Actions

Ontolog Forum

OntologySummit2014_Hackathon - Project:

Optimized SPARQL performance management via native API

Project roster page: OntologySummit2014_Hackathon_ReferenceDataForSPARQLPeformanceBenchmarking (this page).

Team lead: VictorChernov (MSK, UTC+4) vchernov at nitrosbase.com

Event starts 29th of March 2014 14:00 MSK / 10:00 UTC / 03:00 PST all over the world via mikogo.com (the session # will come later)


The Goals of the project are

Studying the kinds of queries revealing the advantages of one or another RDF database. The goals imply:

  • Selection of a SPARQL subset from SP2Bench
  • Formin a dataset and loading it to all triple-stores.
  • Implementing measurement aids, testing
  • Accurate time measurement, getting min, max, average and median times.
  • Reflection on the results, advantages and disadvantages of the triplestores on each selected query.

The following triplestores will be compared:

The triplestores have the following important advantages:

  • Very high performance on demonstrated on sp2bench benchmark
  • Linux and Windows versions
  • Native API for fast query processing

It is important to use native API for fast query execution. All 3 tools provide native API:

Virtuoso
Jena, Sesame and Virtuoso ODBC RDF Extensions for SPASQL
Stardog
the core SNARL (Stardog Native API for the RDF Language) classes and interfaces
NitrosBase
C++ and .NET native API

We suppose writing additional codes needed for accurate testing:

  • Accurate time measurement;
  • Functions for getting min, max, average and median times;
  • Functions for getting time of scanning through the whole query result;
  • Functions for getting time of retrieving first several records (for example, the first page of web grid);
  • Etc.

The following steps are needed for loading test dataset:

  • Selecting a data subset from sp2bench benchmark
  • Measuring data loading time

Note: Data are considered as loaded as soon as the system is ready to perform a simplest search query. This is done to eliminate background processes (eg. indexing).

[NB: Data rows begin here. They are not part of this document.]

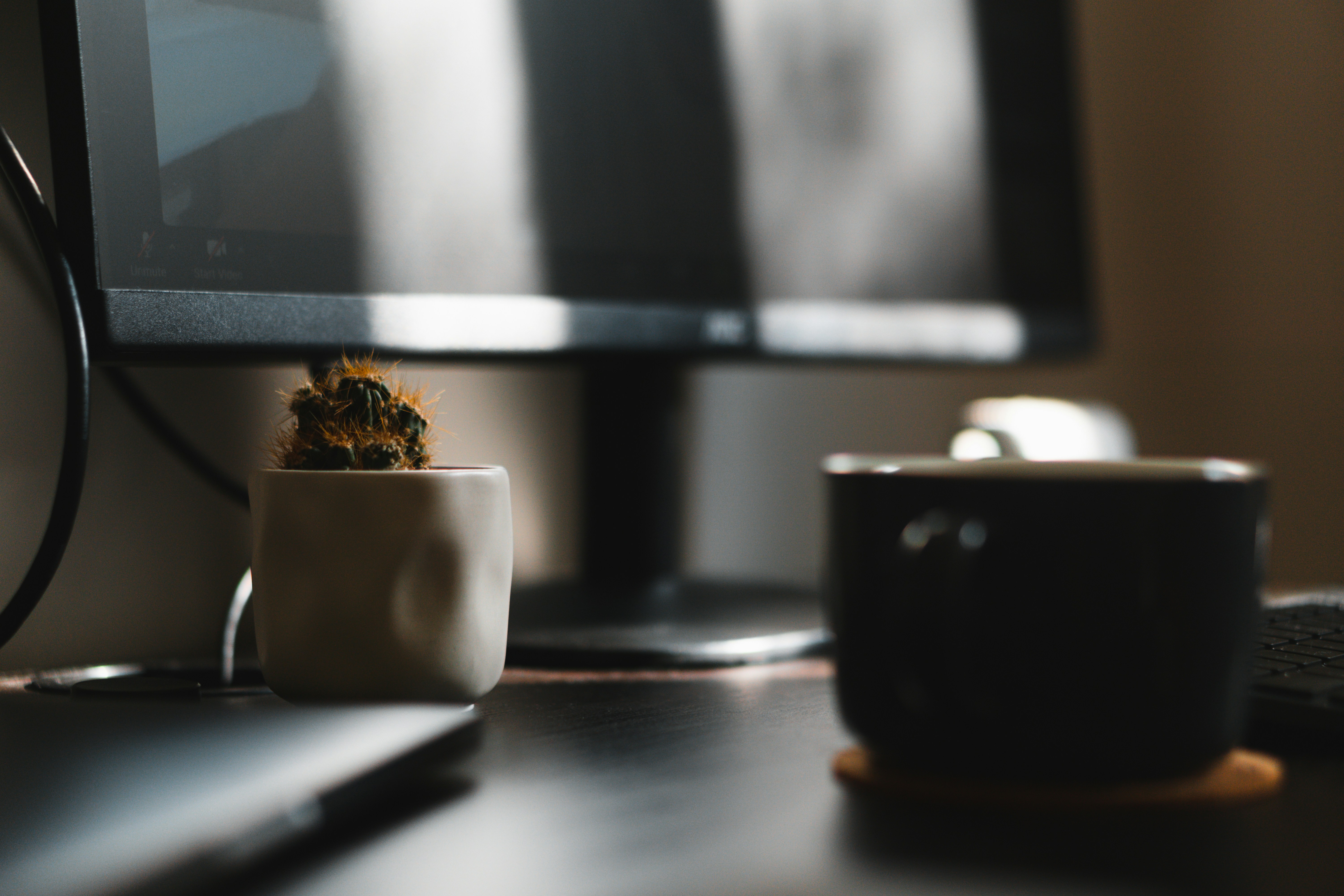 Photo by contentbyemile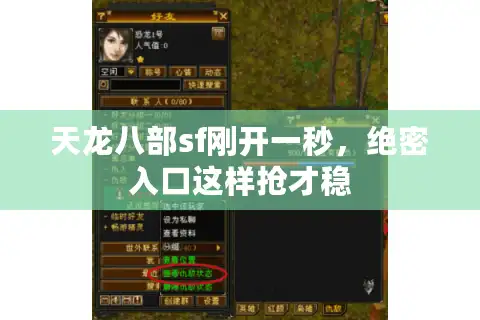 天龙八部sf刚开一秒，绝密入口这样抢才稳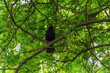 A blackbird sits on a branch of a bird cherry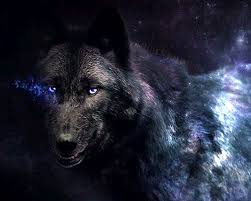 1024x819 wallpapers for > black wolf wallpaper hd. Hd Black Wolf Wallpapers Peakpx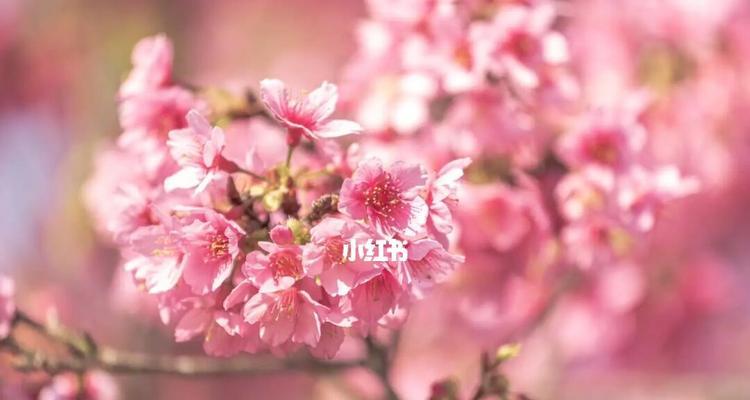 粉色花寓意幸运吗？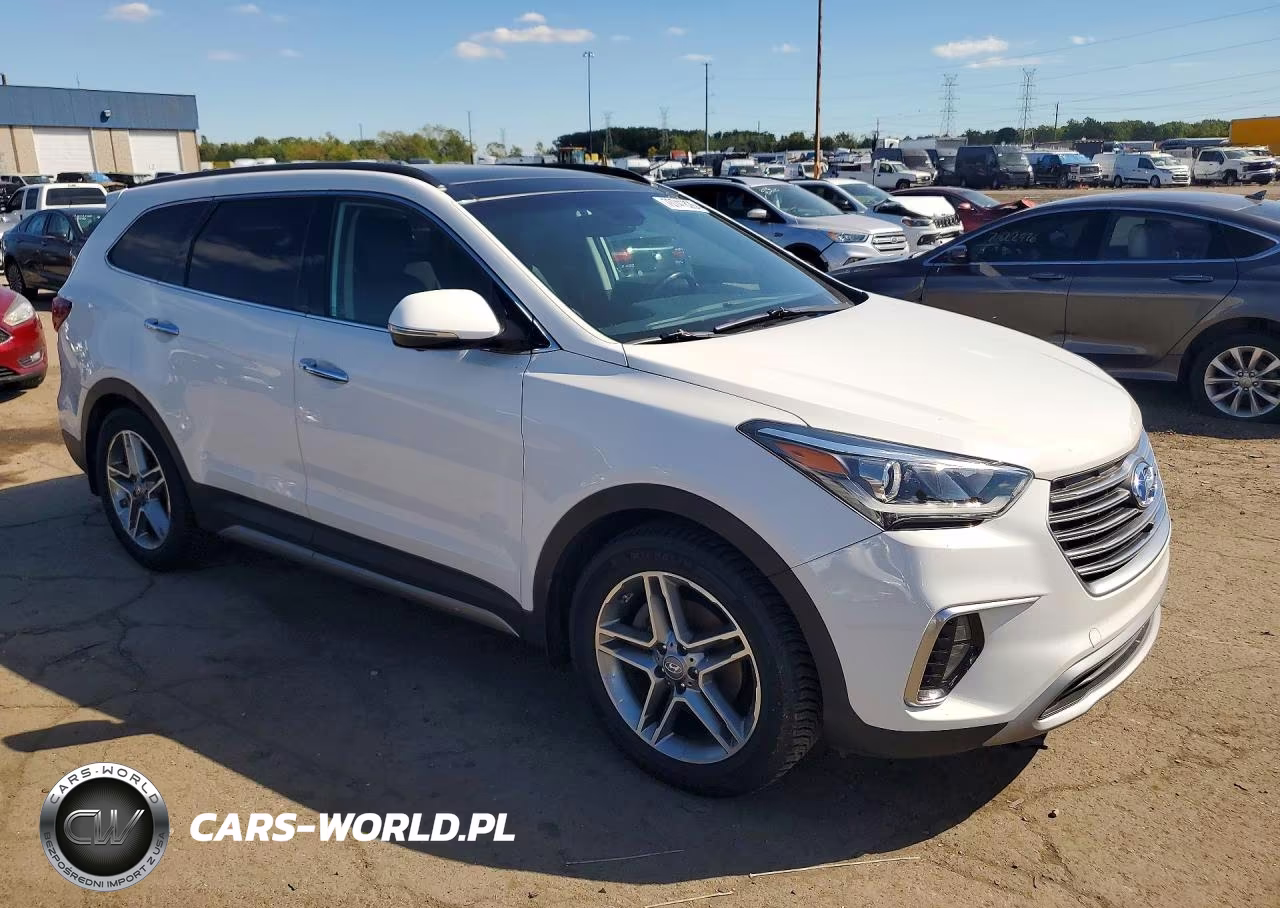 2017 Hyundai Santa Fe Limited Ultimate VIN:KM8SRDHF9HU207792 - 4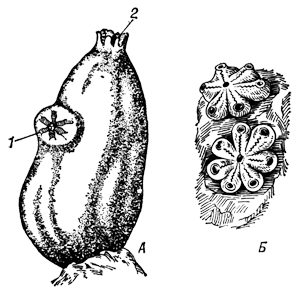 А — асцидия Ascidia mentula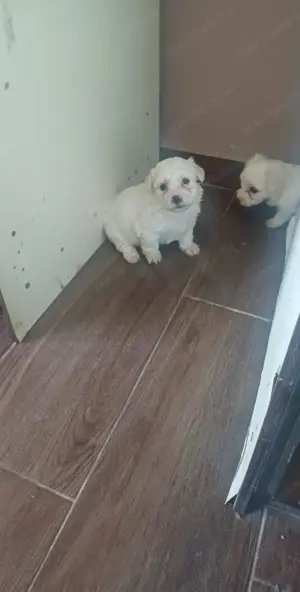 Bishon Havanese kiskutyák eladók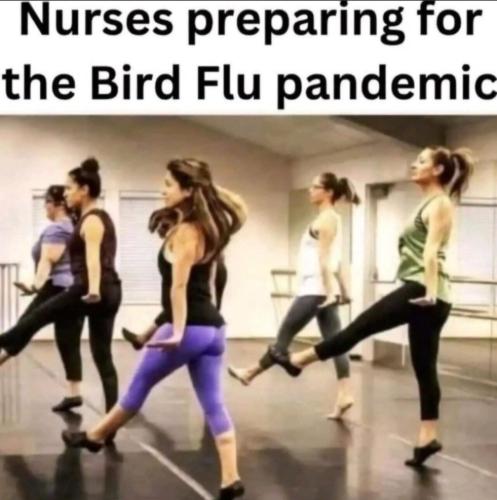 image_E850A66E-2E41-4291-A228-D2940BF1A7A5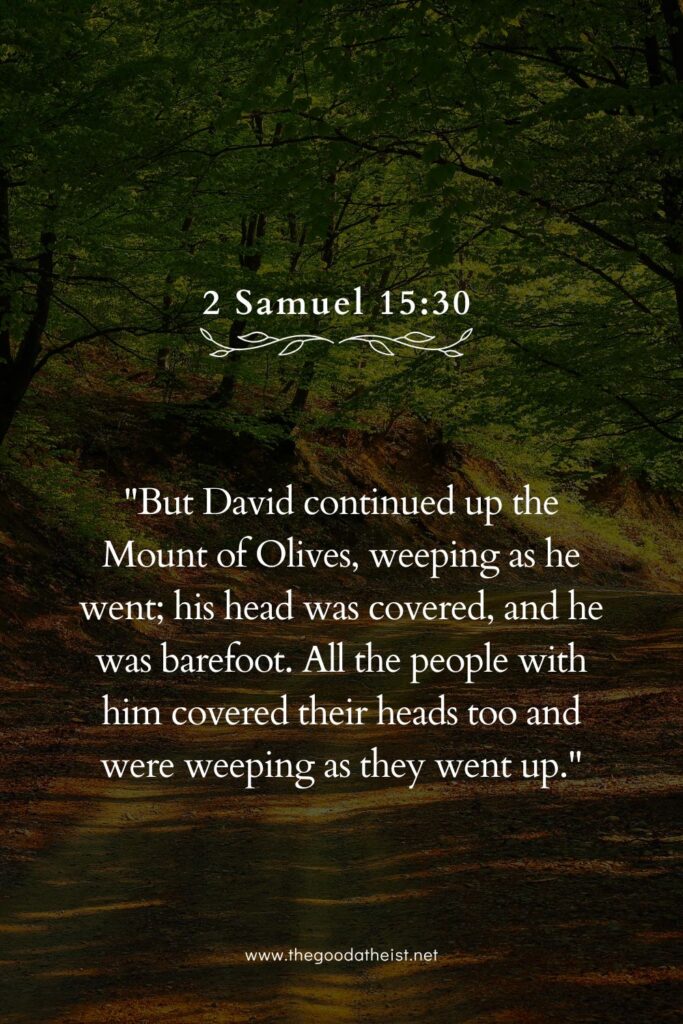 Bible verses from 2 Samuel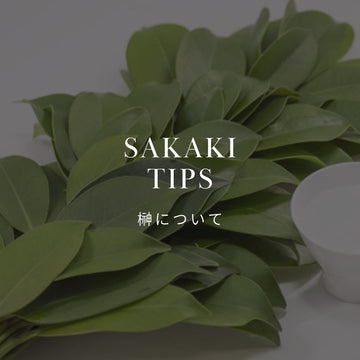 榊ってどんな植物？由来や花言葉、神棚へのお供えマナーを解説 - &YOUKAEN (アンドユーカエン)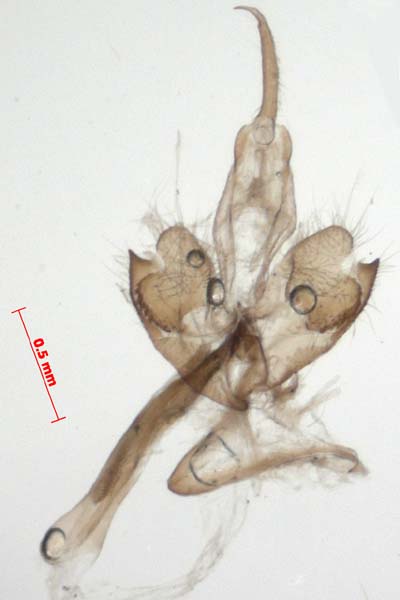 Pelosia obtusa, male genitalia, image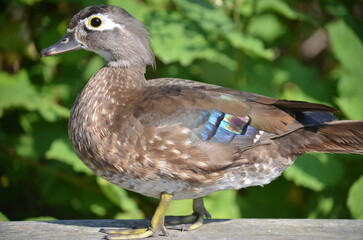 Wood duck at the George C. Reifel Migratory Bird Sanctuary in Delta, British Columbia, Canada.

We are going to explore the query execution performance by the databases under consideration (Virtuoso, Stardog, NitrosBase).

The queries should be fairly simple and cover the different techniques, for example:

  • search the small range of values
  • search the big range of values
  • Sorting
  • Aggregation
  • Several different join queries
  • Retrieving part of result
  • Retrieving whole result
  • etc.

Note: During testing each database may allocate a lot of resources, that can affect the performance of other databases. That’s why each test should be stared from system reboot.